§ **PROBLEM REQUIREMENTS**:
Return the data exactly, with all pictures removed.

§ **SUPPLIED INFORMATION**:
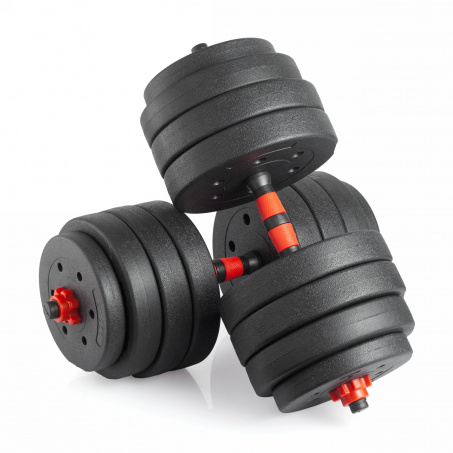 Рендер-0 для VictoryFit 40 кг. (2х20 кг.) VF-DC400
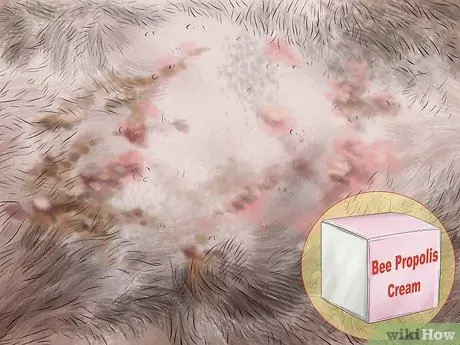 Лечить сезонную аллергию у кошек Шаг 8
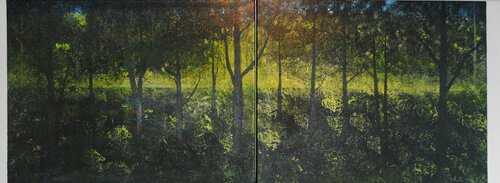 Summer in the woods Krister Björklund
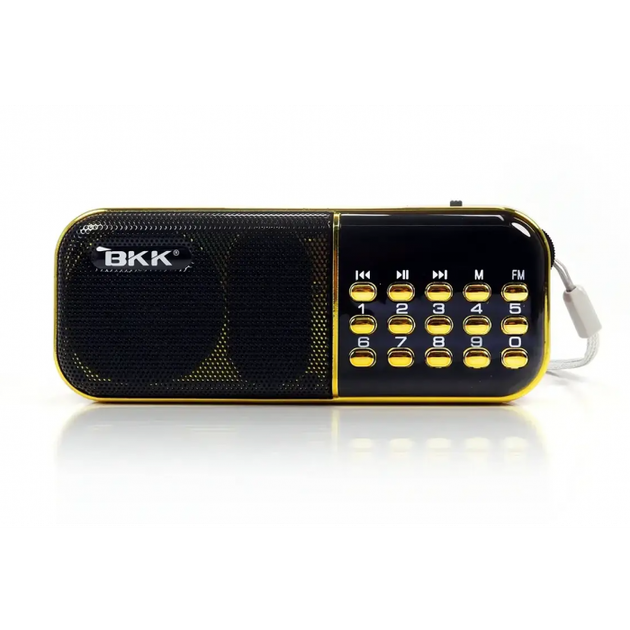 Радиоприёмник с FM USB MicroSD радио на аккумуляторе 18650 - изображение 1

§ **ANSWER FOR THIS EXERCISE**:
 Рендер-0 для VictoryFit 40 кг. (2х20 кг.) VF-DC400
 Лечить сезонную аллергию у кошек Шаг 8
 Summer in the woods Krister Björklund
 Радиоприёмник с FM USB MicroSD радио на аккумуляторе 18650 - изображение 1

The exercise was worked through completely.